10.3 L'Utente riconosce e accetta che nessuna responsabilità è imputabile al Fornitore:
- per disservizi dell'Abbonamento derivanti da malfunzionamenti di reti elettriche e telefoniche ovvero di
ulteriori
servizi gestiti da terze parti che esulano del tutto dalla sfera di controllo e responsabilità del Fornitore
(per
esempio, disservizi della banca dell'Utente, etc...);
- per la mancata pubblicazione di contenuti editoriali che derivi da cause di forza maggiore.
10.4 In tutti gli altri casi, l'Utente riconosce che la responsabilità del Fornitore in forza del contratto
è limitata
alle sole ipotesi di dolo o colpa grave.
10.5 Ai fini dell'accertamento di eventuali disservizi, l'Utente accetta che faranno fede le risultanze dei
sistemi
informatici del Fornitore.
11. Modifica dei termini d'uso
11.1 L'Abbonamento è disciplinato dai termini d'uso approvati al momento dell'acquisto.

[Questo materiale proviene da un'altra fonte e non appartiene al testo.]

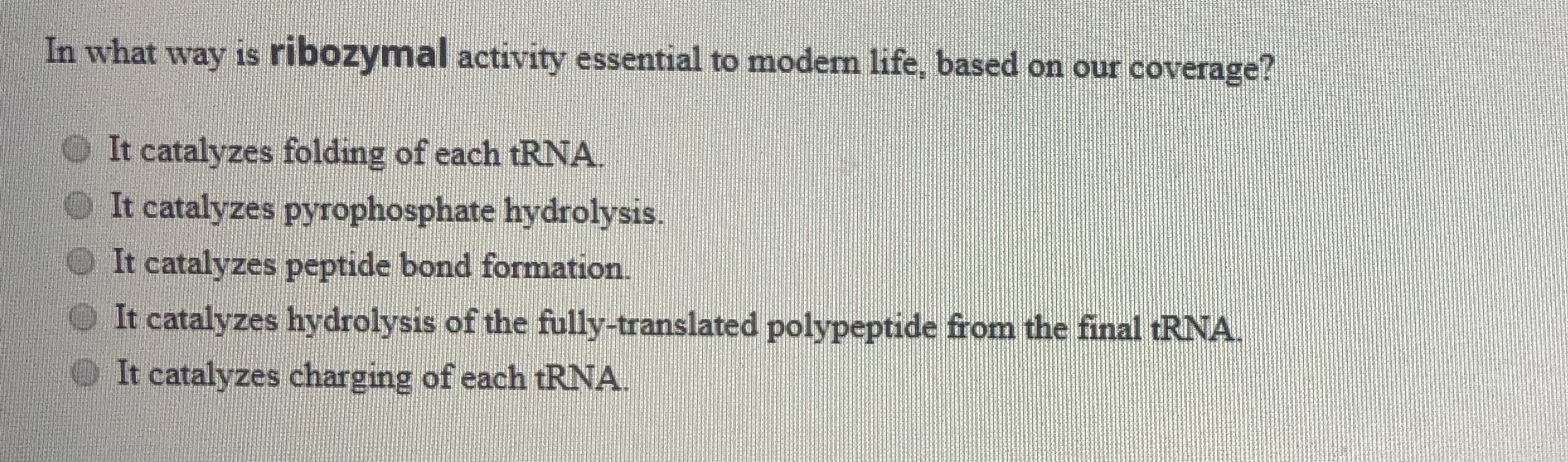 In what way is ribozymal activity essential to modem life, based on our coverage?
It catalyzes folding of each tRNA.
It catalyzes pyrophosphate hydrolysis.
It catalyzes peptide bond formation.
It catalyzes hydrolysis of the fully-translated polypeptide from the final RNA.
It catalyzes charging of each tRNA.
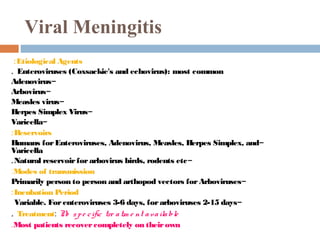 Viral Meningitis
 : Etiological Agents
. Enteroviruses (Coxsackie's and echovirus): most common
Adenovirus-
Arbovirus-
Measles virus-
Herpes Simplex Virus-
Varicella-
: Reservoirs
Humans for Enteroviruses, Adenovirus, Measles, Herpes Simplex, and-
Varicella
. Natural reservoir for arbovirus birds, rodents etc-
:Modes of transmission
Primarily person to person and arthopod vectors for Arboviruses-
: Incubation Period
  Variable. For enteroviruses 3-6 days, for arboviruses 2-15 days-
. Treatment: N s p e c ific tre a tm e nt a v a ila ble
                 o
.Most patients recover completely on their own
 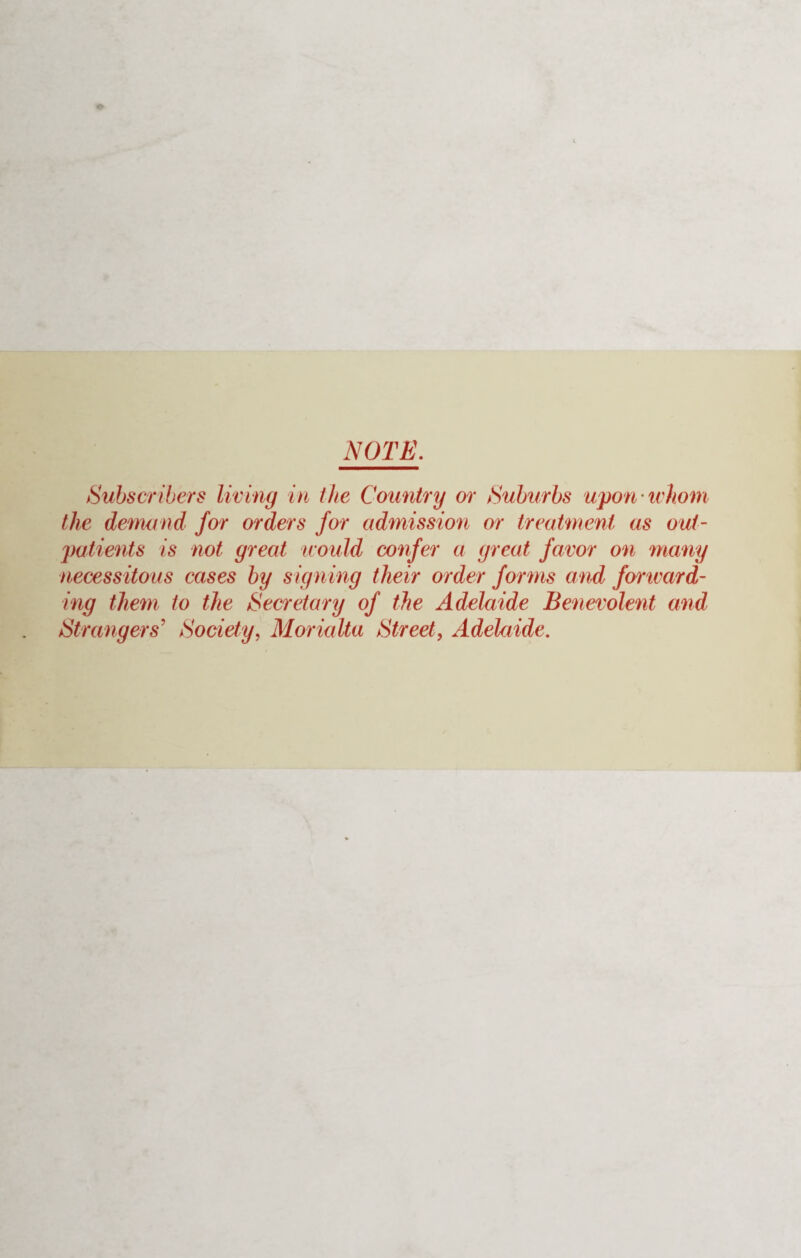 NOTE. Subscribers living in the Country or Suburbs upon whom the demand for orders for admission or treatment as out¬ patients is not great would confer a great favor on many necessitous cases by signing their order forms and fonvard- ing them to the Secretary of the Adelaide Benevolent and Strangers' Society, Morialta Street, Adelaide.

11.2 Durante il periodo di validità del contratto, il Fornitore si riserva di modificare i termini della
fornitura per
giustificati motivi connessi alla necessità di adeguarsi a modifiche normative o obblighi di legge, alle
mutate
condizioni del mercato di riferimento ovvero all'attuazione di piani aziendali con ricadute sull'offerta dei
contenuti.
11.3 I nuovi termini d'uso saranno comunicati all'Utente con un preavviso di almeno 15 giorni rispetto alla
scadenza del
periodo di fatturazione in corso ed entreranno in vigore a partire dall'inizio del periodo di fatturazione
successivo.
Se l'Utente non è d'accordo con i nuovi termini d'uso, può esercitare la disdetta secondo quanto previsto al
precedente
articolo 3.
11.4 Ove la modifica dei termini d'uso sia connessa alla necessità di adeguarsi a un obbligo di legge, i
nuovi termini
d'uso potranno entrare in vigore immediatamente al momento della comunicazione; resta inteso che, solo in
tale ipotesi,
l'Utente potrà recedere dal contratto entro i successivi 30 giorni, con il conseguente diritto ad ottenere
un rimborso
proporzionale al periodo di abbonamento non goduto.

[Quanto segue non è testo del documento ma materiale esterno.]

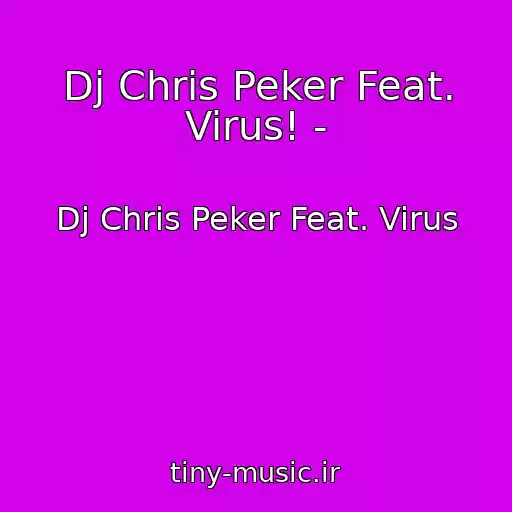 کاور آهنگ Dj Chris Peker Feat. Virus! - از Dj Chris Peker Feat. Virus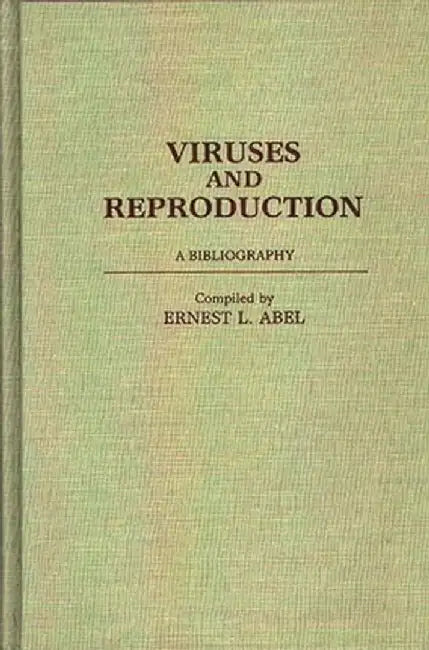 Viruses and Reproduction: A Bibliography by Ernest L. Abel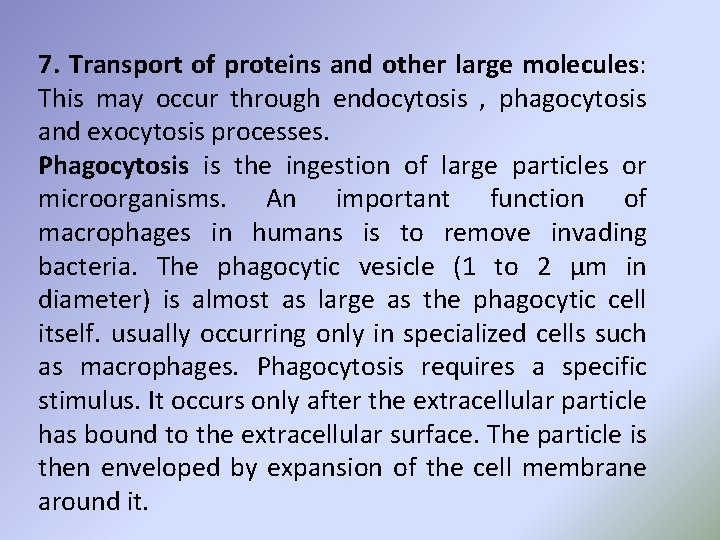 7. Transport of proteins and other large molecules: This may occur through endocytosis , 7. Transport of proteins and other large molecules: This may occur through endocytosis ,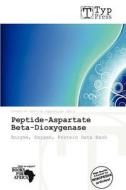 Peptide-aspartate Beta-dioxygenase edito da Crypt Publishing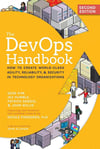 The DevOps Handbook: How to Create World-Class Agility, Reliability, & Security in Technology Organizations 2nd Ed. Gene Kim & Jez Humble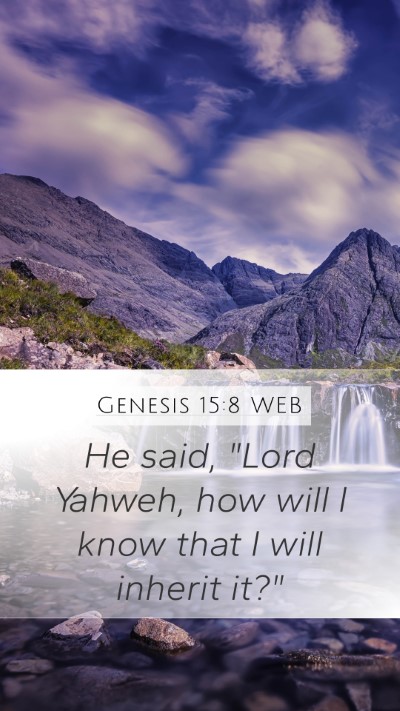Genesis 15:8 WEB Mobile Phone Wallpaper - He said, 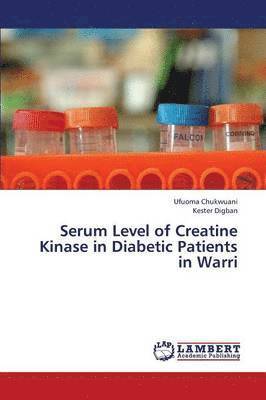 Serum Level of Creatine Kinase in Diabetic Patients in Warri 1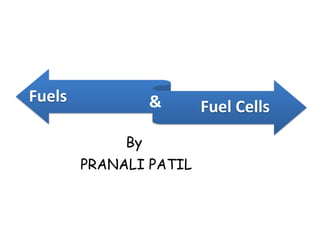 Fuels
Fuel Cells
&
By
PRANALI PATIL
 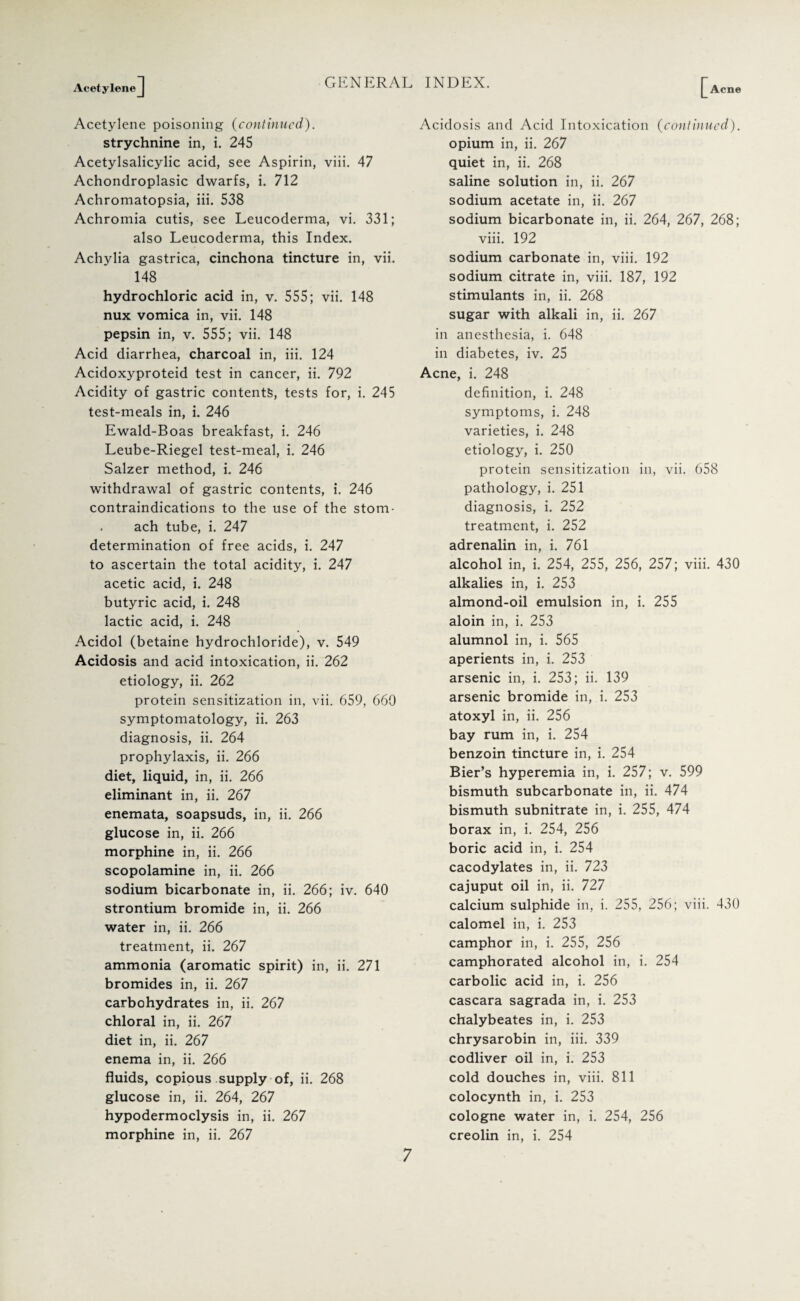 Acetylene] GENERAL INDEX. [Acn(J Acetylene poisoning (continued). strychnine in, i. 245 Acetylsalicylic acid, see Aspirin, viii. 47 Achondroplasic dwarfs, i. 712 Achromatopsia, iii. 538 Achromia cutis, see Leucoderma, vi. 331; also Leucoderma, this Index. Achylia gastrica, cinchona tincture in, vii. 148 hydrochloric acid in, v. 555; vii. 148 nux vomica in, vii. 148 pepsin in, v. 555; vii. 148 Acid diarrhea, charcoal in, iii. 124 Acidoxyproteid test in cancer, ii. 792 Acidity of gastric contents, tests for, i. 245 test-meals in, i. 246 Ewald-Boas breakfast, i. 246 Leube-Riegel test-meal, i. 246 Salzer method, i. 246 withdrawal of gastric contents, i. 246 contraindications to the use of the stom¬ ach tube, i. 247 determination of free acids, i. 247 to ascertain the total acidity, i. 247 acetic acid, i. 248 butyric acid, i. 248 lactic acid, i. 248 Acidol (betaine hydrochloride), v. 549 Acidosis and acid intoxication, ii. 262 etiology, ii. 262 protein sensitization in, vii. 659, 660 symptomatology, ii. 263 diagnosis, ii. 264 prophylaxis, ii. 266 diet, liquid, in, ii. 266 eliminant in, ii. 267 enemata, soapsuds, in, ii. 266 glucose in, ii. 266 morphine in, ii. 266 scopolamine in, ii. 266 sodium bicarbonate in, ii. 266; iv. 640 strontium bromide in, ii. 266 water in, ii. 266 treatment, ii. 267 ammonia (aromatic spirit) in, ii. 271 bromides in, ii. 267 carbohydrates in, ii. 267 chloral in, ii. 267 diet in, ii. 267 enema in, ii. 266 fluids, copious supply of, ii. 268 glucose in, ii. 264, 267 hypodermoclysis in, ii. 267 morphine in, ii. 267 Acidosis and Acid Intoxication (continued). opium in, ii. 267 quiet in, ii. 268 saline solution in, ii. 267 sodium acetate in, ii. 267 sodium bicarbonate in, ii. 264, 267, 268; viii. 192 sodium carbonate in, viii. 192 sodium citrate in, viii. 187, 192 stimulants in, ii. 268 sugar with alkali in, ii. 267 in anesthesia, i. 648 in diabetes, iv. 25 Acne, i. 248 definition, i. 248 symptoms, i. 248 varieties, i. 248 etiology, i. 250 protein sensitization in, vii. 658 pathology, i. 251 diagnosis, i. 252 treatment, i. 252 adrenalin in, i. 761 alcohol in, i. 254, 255, 256, 257; viii. 430 alkalies in, i. 253 almond-oil emulsion in, i. 255 aloin in, i. 253 alumnol in, i. 565 aperients in, i. 253 arsenic in, i. 253; ii. 139 arsenic bromide in, i. 253 atoxyl in, ii. 256 bay rum in, i. 254 benzoin tincture in, i. 254 Bier’s hyperemia in, i. 257; v. 599 bismuth subcarbonate in, ii. 474 bismuth subnitrate in, i. 255, 474 borax in, i. 254, 256 boric acid in, i. 254 cacodylates in, ii. 723 cajuput oil in, ii. 727 calcium sulphide in, i. 255, 256; viii. 430 calomel in, i. 253 camphor in, i. 255, 256 camphorated alcohol in, i. 254 carbolic acid in, i. 256 cascara sagrada in, i. 253 chalybeates in, i. 253 chrysarobin in, iii. 339 codliver oil in, i. 253 cold douches in, viii. 811 colocynth in, i. 253 cologne water in, i. 254, 256 creolin in, i. 254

12. Trattamento dei dati personali
12.1 In conformità a quanto previsto dal Regolamento 2016/679 UE e dal Codice della privacy (decreto
legislativo 30
giugno 2003, n. 196), i dati personali degli Utenti saranno trattati per le finalità e in forza delle basi
giuridiche
indicate nella privacy policy messa a disposizione dell'Utente in sede di registrazione e acquisto.
12.2 Accettando i presenti termini di utilizzo, l'Utente conferma di aver preso visione della privacy policy
messa a
disposizione dal Fornitore e di averne conservato copia su supporto durevole.
12.3 Il Fornitore si riserva di modificare in qualsiasi momento la propria privacy policy nel rispetto dei
diritti degli
Utenti, dandone notizia a questi ultimi con mezzi adeguati e proporzionati allo scopo.
13. Servizio clienti
13.1 Per informazioni sul Servizio e per qualsiasi problematica connessa con la fruizione dello stesso,
l'Utente può
contattare il Fornitore attraverso i seguenti recapiti: help@newslist.it
14. Legge applicabile e foro competente
14.1 Il contratto tra il Fornitore e l'Utente è regolato dal diritto italiano.
14.2 Ove l'Utente sia qualificabile come consumatore, per le controversie comunque connesse con la
formazione,
esecuzione, interpretazione e cessazione del contratto, sarà competente il giudice del luogo di residenza o
domicilio
del consumatore, se ubicato in Italia.